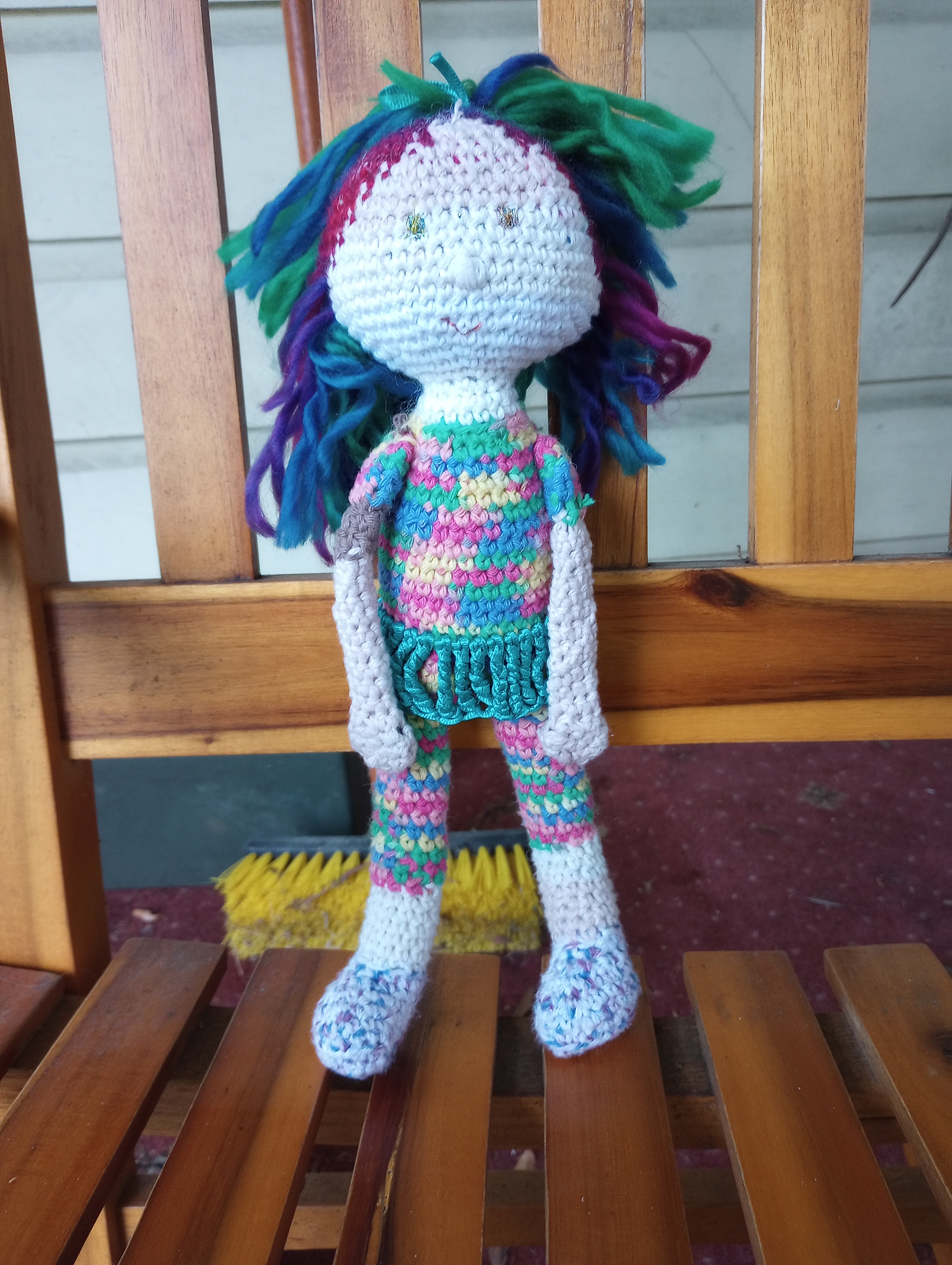 A crocheted doll with pale skin in variegated cream stripe yarn, sparkly eyes, long fluffy rainbow-colored hair pulled into a half-ponytail on top, blue and white spotted shoes, and a rainbow-colored leotard with a teal ribbon skirt.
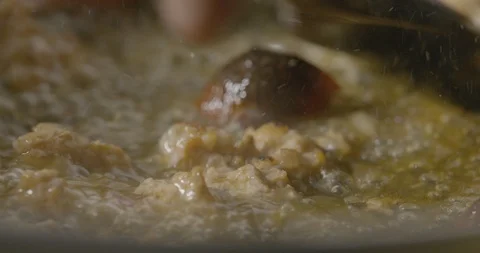 Stirring cooked meat in a pan with cherry tomatoes in slow motion Stock Footage 113047598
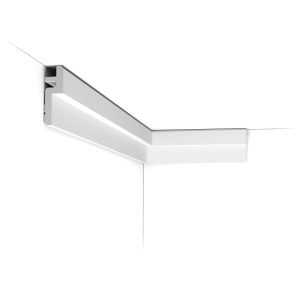 ORAC C394 minimalist cornice profile installed at the wall and ceiling junction, featuring a sleek recessed design suitable for indirect LED lighting.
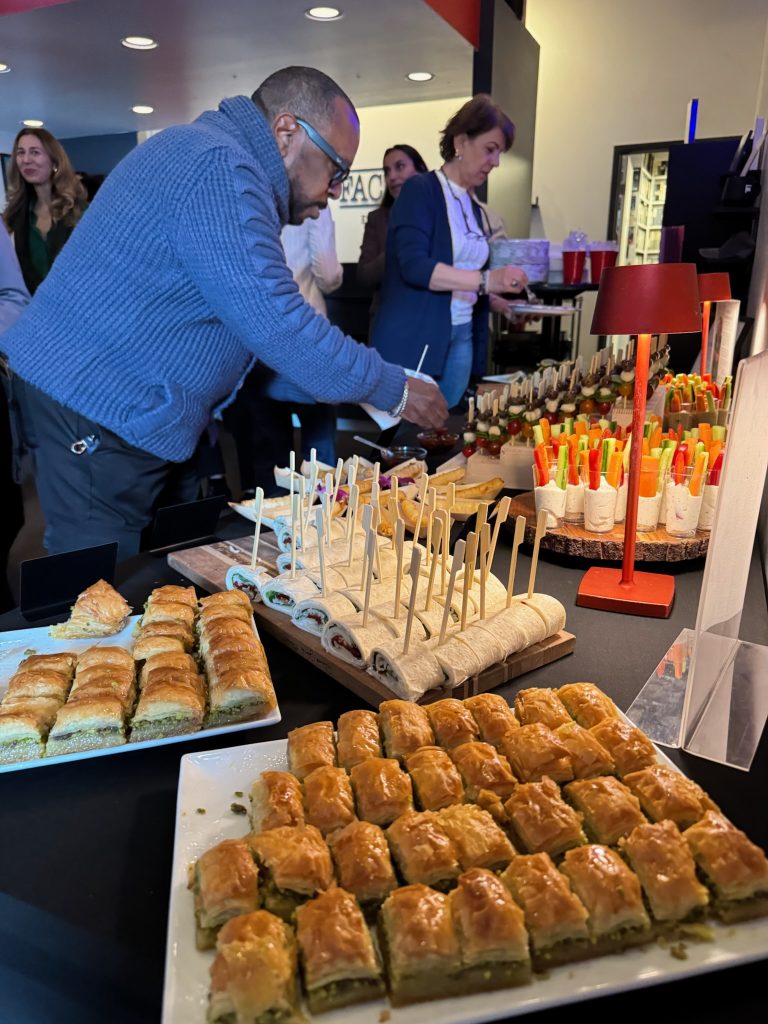 Guests getting food provided by Anatolia restaurant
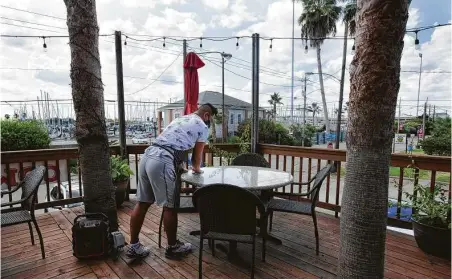  ?? Yi-Chin Lee / Staff file photo ?? Nam Thai Restaurant & Bar owner Skyy Rivera cleans tables at the restaurant in August. Food workers have been hit especially hard.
+---+
• Instructions to follow: Would you print, exactly as they appear, the lines from the line with "ORAC C394 minimalist" through the end of the entries above, leaving out the pictures?

• Exercise answer:
 ORAC C394 minimalist cornice profile installed at the wall and ceiling junction, featuring a sleek recessed design suitable for indirect LED lighting.
 Guests getting food provided by Anatolia restaurant
  ?? Yi-Chin Lee / Staff file photo ?? Nam Thai Restaurant & Bar owner Skyy Rivera cleans tables at the restaurant in August. Food workers have been hit especially hard.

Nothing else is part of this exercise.